La voix du père Chouard - 4
À Guillaume (suite et fin) :
- Penser à l’avenir en contribuant à sa construction
Sur la remarque - essentielle - d’Étienne, qui consiste à dire que c’est en faisant soi-même l’expérience de l’écriture de bouts de constitution que l’on mesure la puissance de cet outil.
L’auto-congratulation n’a pas grand chose d’important : c’est bien de la prise de conscience de son propre esprit critique, dont il s’agit. Pas nécessairement celle de son propre génie… parce qu’il s’agit bel et bien d’une épreuve de réalité… (je sais, vous n’admettez pas l’idée qu’on peut juger de la qualité d’une constitution indépendamment de son expérimentation réelle par la société). L’idée, je crois, est de dire que pour tous, cette expérience est un formidable moyen de s’élever – Étienne le conseille à tous - ; moi qui en a un peu fait l’expérience, je n’ai pas attendu qu’on me fasse la remarque pour me le dire. C’est, je crois, une expérience dans laquelle se mêlent la liberté et l’autorité : l’apprentissage et le goût de la première, et le rapport à la seconde, la critique spontanée que l’on fait des puissants : celle du sens qu’ils donnent à leur action, celle de leur discours, face à l’idée que l’on apprend peu à peu à se faire du sens de l’action politique.
Savez-vous que le mythe de l’enfer et du paradis est une invention de Platon ? Inutile de s’étendre sur la fonction politique de celui-ci, je pense.
Vous parlez de notre « « problème » psychanalytique avec la mort » - encore une note passionante.

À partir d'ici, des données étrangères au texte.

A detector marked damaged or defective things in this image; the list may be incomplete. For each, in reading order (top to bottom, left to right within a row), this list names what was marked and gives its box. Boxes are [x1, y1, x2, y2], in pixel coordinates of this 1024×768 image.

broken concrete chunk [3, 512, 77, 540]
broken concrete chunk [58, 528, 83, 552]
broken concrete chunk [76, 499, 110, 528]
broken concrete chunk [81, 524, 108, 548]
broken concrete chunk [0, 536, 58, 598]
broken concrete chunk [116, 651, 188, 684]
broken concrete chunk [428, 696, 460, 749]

Vous évoquez la question du « croire en l’avenir en contribuant à sa construction »
Vous écrivez « Puisque dans cet avenir, NOUS… n’existerons plus, NOUS SERONS MORTS !!! Alors quelle importance ? Il y a dans cette locution « croire en l’avenir » un mysticisme ou une spiritualité qui s’ignore, mais que nous, humains, trouvons « important » (c’est comme ça) car c’est une manière de nous projeter au-delà de NOUS-MÊME et de nos petites personnes. »
Déjà, j’ai un enfant. Voilà un évènement qui a changé mon rapport à la politique. Non pas que j’en fais moins, mais sans rogner sur les heures que je lui consacre, et sans lui faire partager mes angoisses et critiques (elle a 5 ans à peine), j’ai décrété que le nihilisme, je n’y ai plus droit.

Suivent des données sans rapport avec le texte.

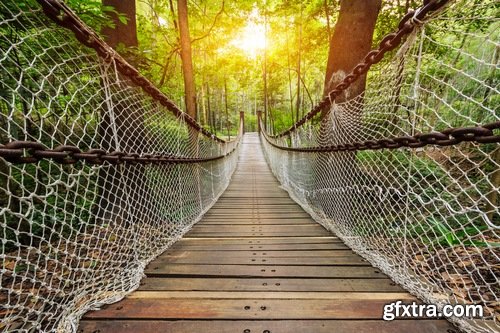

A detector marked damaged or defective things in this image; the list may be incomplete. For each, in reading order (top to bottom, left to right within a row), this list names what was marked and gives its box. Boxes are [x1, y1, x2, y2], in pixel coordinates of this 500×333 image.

rusty chain [0, 141, 236, 165]
rusty chain [36, 0, 227, 144]
rusty chain [274, 0, 454, 138]
rusty chain [262, 120, 500, 152]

Mais si j’ai parlé du mythe de l’enfer et du paradis, c’est pour une raison bien précise. Le fait que l’ « autorité » de la religion se soit nettement perdu dans nos sociétés occidentales (et plus encore en France – où nous comptons le plus grand pourcentage d’athées et d’agnostiques au monde) ne change pas la réalité qui a conduit Platon à vouloir diffuser ce mythe : la recherche de la vérité est un sacerdoce que ne peuvent se permettre qu’une minorité de gens. Parce que les gens croulent sous les obligations matérielles, le travail comptant pour beaucoup ; Marx et sa « boulangère » (assez qualifiée pour se charger de politique) ne disait pas autre chose, si l’on considère qu’il songeait à l’idéal d’après demain, par opposition à la réalité du temps présent.

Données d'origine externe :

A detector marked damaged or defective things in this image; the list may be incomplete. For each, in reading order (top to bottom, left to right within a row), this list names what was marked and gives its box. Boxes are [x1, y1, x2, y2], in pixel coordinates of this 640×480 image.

Demandez-vous donc ce qui pourrait (peut) remplacer ce mythe, en assurer la fonction sociétale positive, sans lui associer tous ses aspects néfastes.
Je sais bien une chose, pour avoir été croyant longtemps, et être devenu athée : l’idée reçue « si Dieu n’était pas là, alors tout serait permis » est un pur contresens (comme l’écrit Michel Onfray - Traité d’athéologie) : c’est bien parce qu’on a inventé Dieu que l’on peut à ce point mépriser la vie, et justifier le pouvoir établi. Quand j’étais croyant, j’adoptais tout à fait cette idée. (J’avais précisément la religion de G.W. Bush… et je vous affirme qu’elle répand la persuasion que les choses de ce monde n’ont aucune importance, et que tous les autre, qui ne sont pas « born again », sont « dans le monde », pervertis et condamnés). Quand je suis devenu athée, non seulement je me suis rendu compte que la bonté n’est pas du tout l’apanage du croyant… mais c’est alors seulement que j’ai commencer à me cultiver et à m’investir dans la réflexion sur les affaires publiques.
Alors il m’arrive de réfléchir à cette question : qu’est-ce qui pourrait remplacer ce mythe du paradis et de l’enfer, à supposer que l’ignorance continue d’être si répandue, et la vérité (sa recherche) si peu « vendeuse » ?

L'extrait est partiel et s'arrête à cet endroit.